Goldman Sachs: Thinking global broadcasting local
A global home page is used to promote a TV broadcast only Americans can see.
The Site
Goldman Sachs, a leading global investment bank, used its home page to promote a television broadcast available only in the US.
Goldman Sachs’ has filled its home page with a striking photograph of a marshy landscape. The headline says “Here, it’s business as usual” above a text that reads “Every day we see the opportunity to do something special. Not just to benefit our clients and our firm, but to have a long-term, positive influence on people and places like Tierra del Fuego. Learn about the Karukinka nature preserve and the National Geographic television special, ‘Eden at the end of the world.’”.
The link leads to a page within the Environment section that says the broadcast is on PBS on January 30 at 8pm EST. An asterisk leads to a note that “The program is available in the US”.
The Takeaway
The Goldman Sachs site has several intriguing features. It uses its home page purely to promote a television broadcast – a sign of self-confidence from a company that does not feel it needs to say what it does, or anything else about it.
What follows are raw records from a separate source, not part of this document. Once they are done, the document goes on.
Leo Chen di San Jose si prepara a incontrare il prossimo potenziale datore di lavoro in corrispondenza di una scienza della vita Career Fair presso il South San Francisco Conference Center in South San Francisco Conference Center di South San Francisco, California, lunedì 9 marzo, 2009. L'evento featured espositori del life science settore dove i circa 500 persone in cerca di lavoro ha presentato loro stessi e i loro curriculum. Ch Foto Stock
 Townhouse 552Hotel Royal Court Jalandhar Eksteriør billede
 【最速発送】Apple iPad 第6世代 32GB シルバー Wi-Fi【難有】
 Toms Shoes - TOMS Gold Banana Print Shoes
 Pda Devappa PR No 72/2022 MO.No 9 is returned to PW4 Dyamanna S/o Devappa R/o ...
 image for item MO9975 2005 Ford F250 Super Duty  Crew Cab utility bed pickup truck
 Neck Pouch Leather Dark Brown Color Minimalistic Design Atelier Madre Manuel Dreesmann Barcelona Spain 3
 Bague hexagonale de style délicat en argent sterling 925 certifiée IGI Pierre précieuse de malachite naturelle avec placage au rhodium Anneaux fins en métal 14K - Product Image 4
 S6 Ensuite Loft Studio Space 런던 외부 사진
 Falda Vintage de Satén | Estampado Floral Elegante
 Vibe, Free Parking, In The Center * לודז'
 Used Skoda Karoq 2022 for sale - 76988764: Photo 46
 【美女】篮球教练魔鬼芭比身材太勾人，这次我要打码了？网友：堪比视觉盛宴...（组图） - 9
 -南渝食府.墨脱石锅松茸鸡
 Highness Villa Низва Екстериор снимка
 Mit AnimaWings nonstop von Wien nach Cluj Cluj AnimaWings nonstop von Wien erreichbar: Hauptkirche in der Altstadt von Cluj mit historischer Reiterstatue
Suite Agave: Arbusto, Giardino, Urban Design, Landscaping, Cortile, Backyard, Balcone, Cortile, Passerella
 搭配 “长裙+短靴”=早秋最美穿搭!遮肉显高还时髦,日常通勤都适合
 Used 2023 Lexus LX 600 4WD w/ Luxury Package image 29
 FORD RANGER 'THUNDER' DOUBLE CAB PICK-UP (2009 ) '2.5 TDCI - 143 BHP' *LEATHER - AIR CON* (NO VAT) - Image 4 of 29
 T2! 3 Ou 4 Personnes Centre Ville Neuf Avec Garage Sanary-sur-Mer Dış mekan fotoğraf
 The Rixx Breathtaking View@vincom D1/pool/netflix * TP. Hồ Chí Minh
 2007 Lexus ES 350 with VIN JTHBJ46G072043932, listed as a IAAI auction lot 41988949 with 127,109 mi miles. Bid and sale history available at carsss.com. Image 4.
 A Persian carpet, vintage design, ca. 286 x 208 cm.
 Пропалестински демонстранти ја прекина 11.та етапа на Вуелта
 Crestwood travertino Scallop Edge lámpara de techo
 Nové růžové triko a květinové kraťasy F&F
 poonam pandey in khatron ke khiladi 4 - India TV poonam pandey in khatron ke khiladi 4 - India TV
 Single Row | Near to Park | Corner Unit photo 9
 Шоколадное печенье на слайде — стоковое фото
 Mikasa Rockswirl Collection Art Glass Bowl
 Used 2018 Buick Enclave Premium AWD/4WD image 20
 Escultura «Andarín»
The television special part of the story will quickly go out of date, forcing the bank to manage the home page very actively (it was unchanged at the start of the next working day EST). And it is a determined effort by an epitome of hard-nosed capitalism to show a caring face: the bank has donated the land to the Wildlife Conservation Society, so the concern is real.
What is baffling from such an international group is that the television tie-in is so parochial – the broadcast can be viewed by at most 4 per cent of the world’s population – and is just frustrating for non-Americans. Why not give the rest of us at least a clip? With broadband, that would be a worthwhile gesture that would, moreover, be there whenever we wanted to see it.